Yeah, it's supposed to be that. The fact is that it doesn't actually reflect the minimal costs of living for a single person in any way. So, if you actually get unemployed suddenly, you're far safer in trusting either a Union or a private unemployment fund.
And was this always at the same office? Paperwork does get lost in the shuffle and I don't know if it's a specific malady in the Tampere offices, but in Helsinki it has worked quite well. I might have had to resubmit one form once, during several years when I had to deal with the bureaucracy on and off depending on whether I had work or not.
The first time it was the Hervanta office, the second time we mailed the paperwork over there. The point is that the system, that's supposed to help you when you hit a bad streak of luck out of a sudden, fails due to incompetence and fails to FIX the mistake. Mind you, this is a minor problem when looked at from a broader perspective. For the unlucky unemployed fucker hitting this bump, its a big goddamn problem.
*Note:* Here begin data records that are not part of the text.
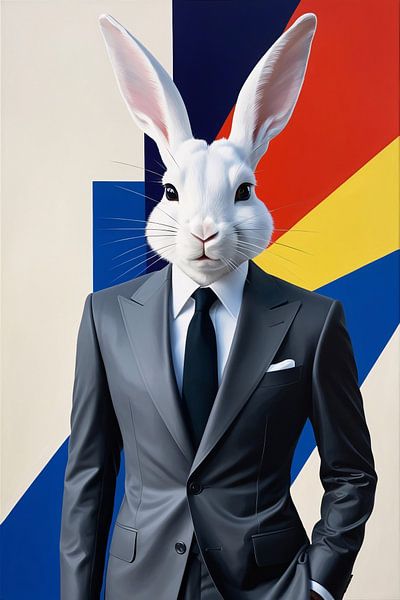 Stylish rabbit with abstract background by Art & Soul Creations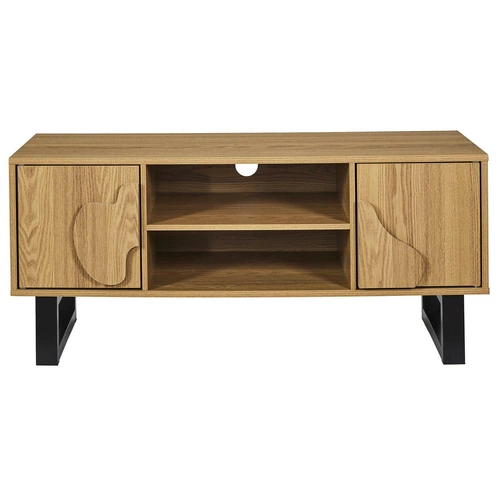 Televizní stolek Calypso 110 cm boho s policemi a zdobenými dvířky do obýváku Intesi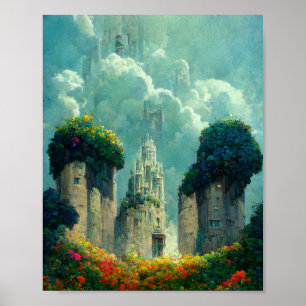 Mysterisk Castle 3 Fantasy Art Poster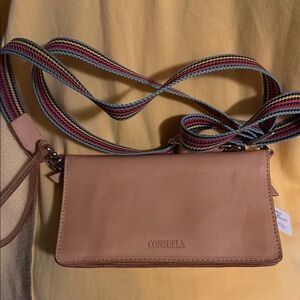 Consuela Leather Crossbody Bag with Multicolor Strap Diego Uptown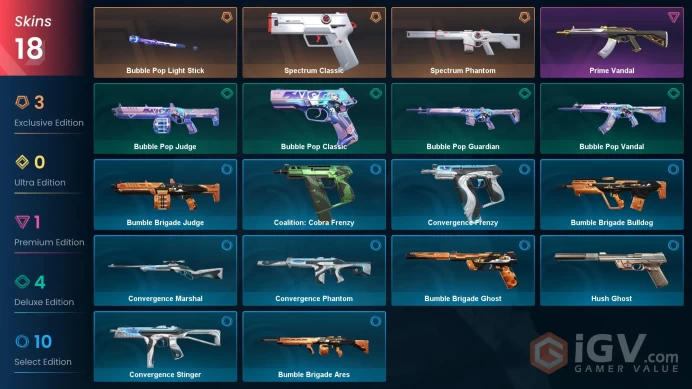 | AP | 1 KNIFE | 18 SKINS | VALUE: 7125 VP | Bubble Pop Light Stick | RANKED READY | 87 LEVEL | INSTANT DELIVERY | FULL ACCESS | G1wWJ |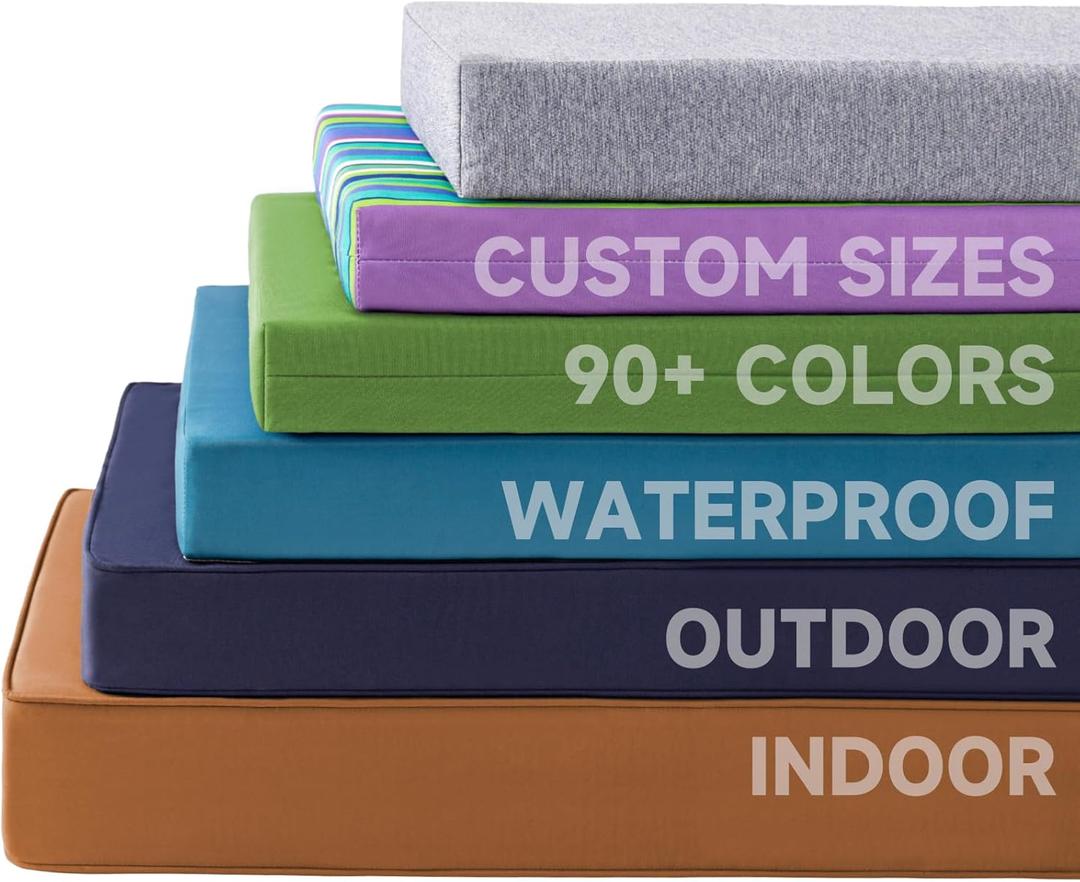 Custom Bench Cushion for Indoor/Outdoor Patio Furniture/Window Seat Cushions.Premium 75D High-Resilience Foam(Custom Fabric/Color/Size/Non-Slip Methods/Piping/Thicknessto Choose from)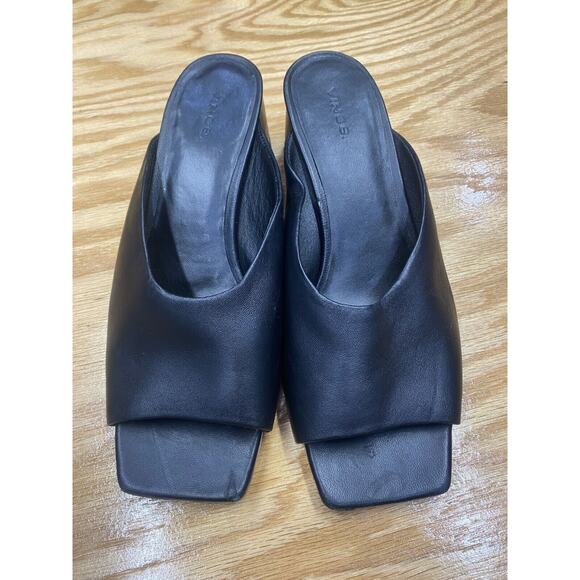 Vince Shoes - Vince Elizabeth Mule Sandal Women's 9 M Triple Black Leather Open Square Toe S57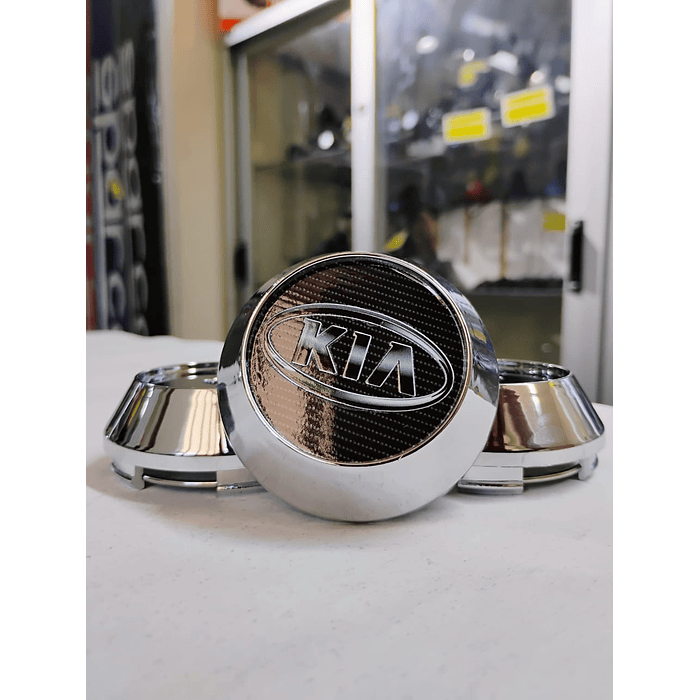 X4 Tapas centro de llantas de auto tunning conica Medidas disponibles 58mm interior X 60mm exterior kia carbono  logo  gris 3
Time for another counter-anecdote: I've required medical attention necessitating a hospital stay three times in the past eleven years, for a major surgical procedure. The first two operations failed in the healing phase when certain stitches didn't hold. Those were on the public side and it was a non-urgent (from the system's point of view) operation and it cost me fucking nothing.
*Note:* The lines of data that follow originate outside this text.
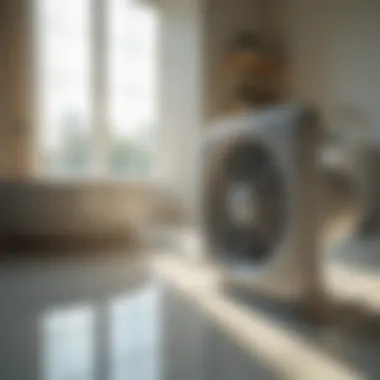 Close-up view of a portable bathroom exhaust fan showcasing its control features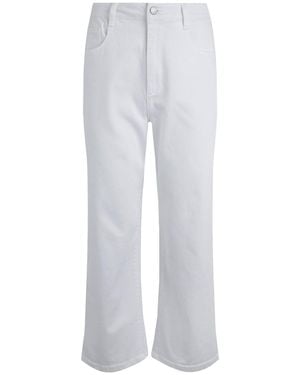 Weird Fish Soulina Wide Leg Cropped Denim Jeans - White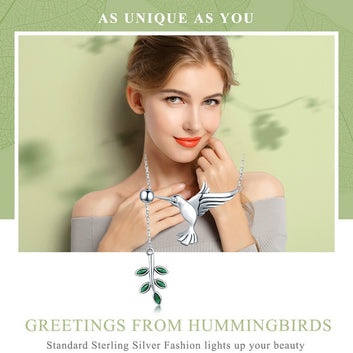Collar de plata de ley 925 con hojas de árbol y pájaro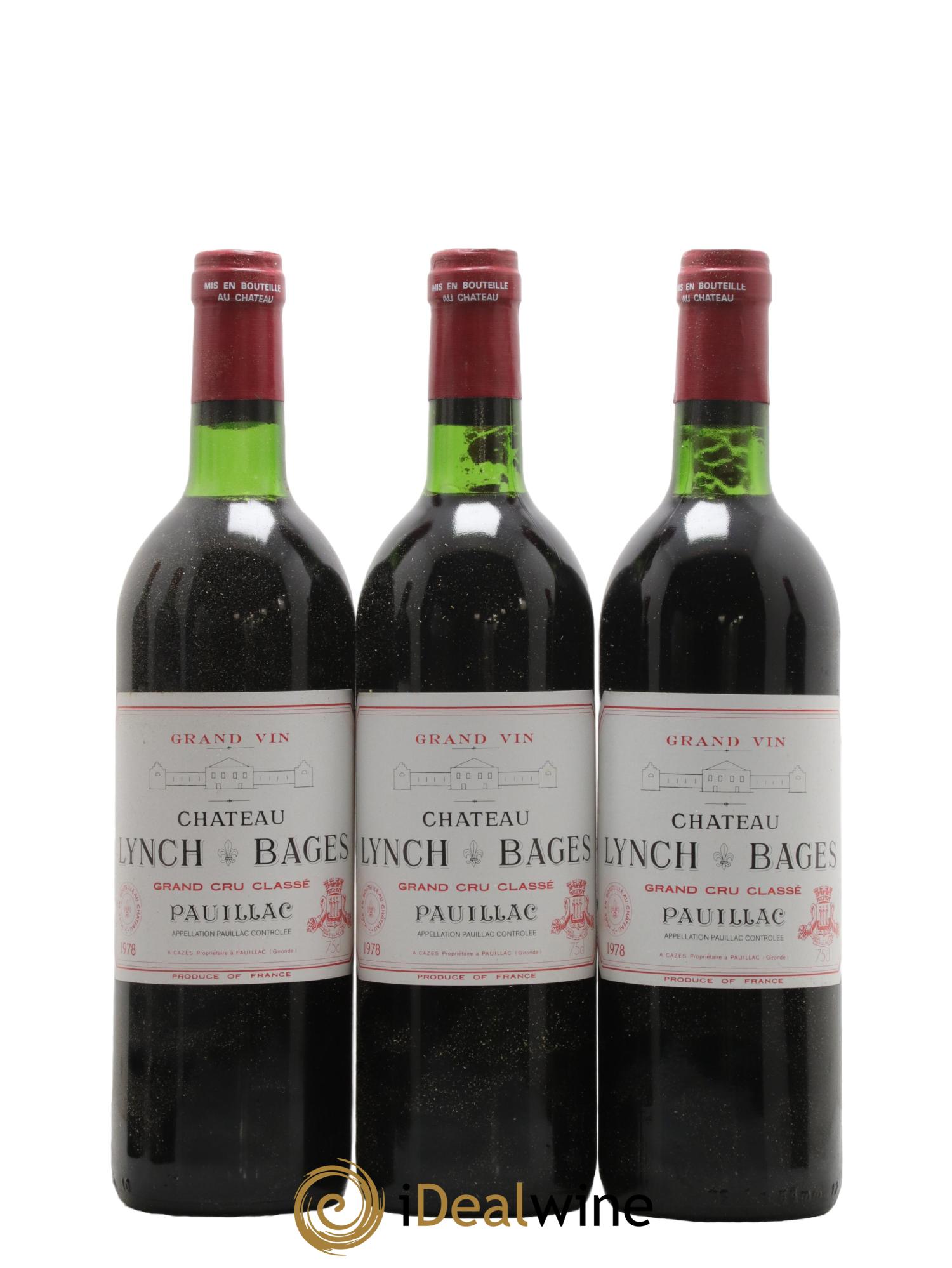 Château Lynch Bages 5ème Grand Cru Classé 1978 - Lot de 3 bouteilles - 0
The third time I had it done privately, because then the waiting time would have been years precisely due to the non-critical (i.e. not life threatening or seriously debilitating condition) status of the problem. It was successful due to not using automatically dissolving stitches in the critical locations. That particular thing cost something like 4000 euros for the operation and all the associated costs for it and none of that was covered by insurance. It didn't require an overnight hospital stay, as opposed to the public side. If it had, it would have been more.
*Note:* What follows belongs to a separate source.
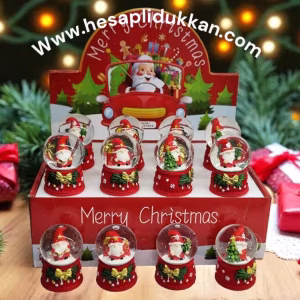 Toptan Yılbaşı Kar Küreleri Mini Noel Baba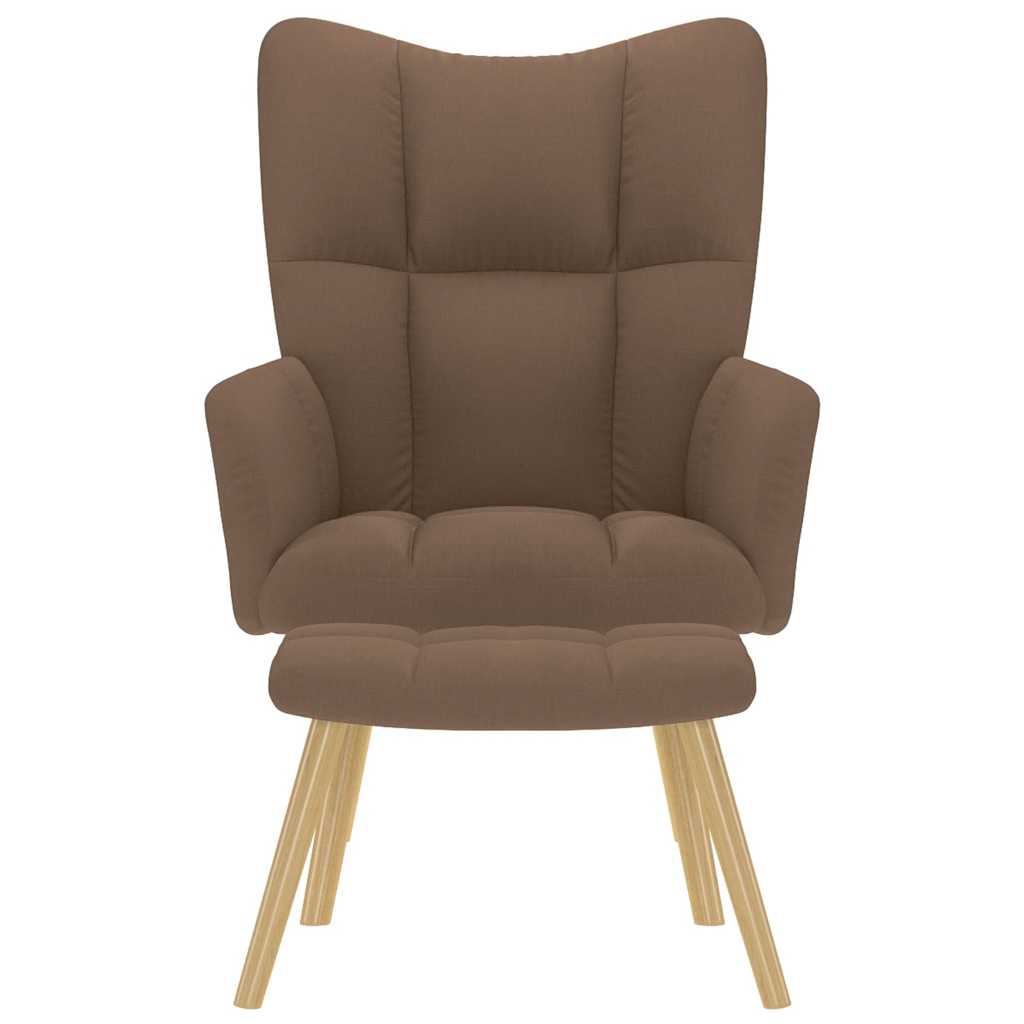 vidaXL Scaun de relaxare cu taburet, maro, textil vidaXL Scaun de relaxare cu taburet, maro, textil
The wait times on the public side for urgent stuff are not nearly as bad as you make it sound, but non-urgent stuff gets shunted back if higher priority cases appear. That's how the resource allocation works.
It seems that public health care has completely different billing practices in Helsinki than in Tampere. The bills I've archived from the times I've used the public health care services atleast would seem to speak in favor of that. What I do find odd though is that your health insurance didn't cover the cost of the operation in a private establishment.
My critique towards the waiting times are a result of the countless reports in our media and experiences from my relatives and friends. Ofcourse, this could be different in Helsinki.
If you're going to make sweeping generalizations based on your own personal experiences when it's not supported by easily available data, expect to be challenged. That's how shit works here.
To be frank, you've had bad experiences and you rant on them, but when you fucking get counter-examples from people living in the same country, you stop doing sweeping generalizations or you'll get your ass beaten like a drum.
Personal experiences, those of relatives, those of friends. Long time working in the private sector and working with people who are responsible for training the people in charge of our elderly care, school system and health care system.
Counter-examples? What the fuck man, the fact that you've got good experiences with our Government doesn't magically somehow disqualify the examples of broken parts I've provided. You've managed to show that something Government-run systems work in Helsinki. Congratulations!
"The ones they built at the height of nuclear weapons could knock the earth out of its orbit" - Physics expert Envy in reference to the hydrogen bombs built during the cold war.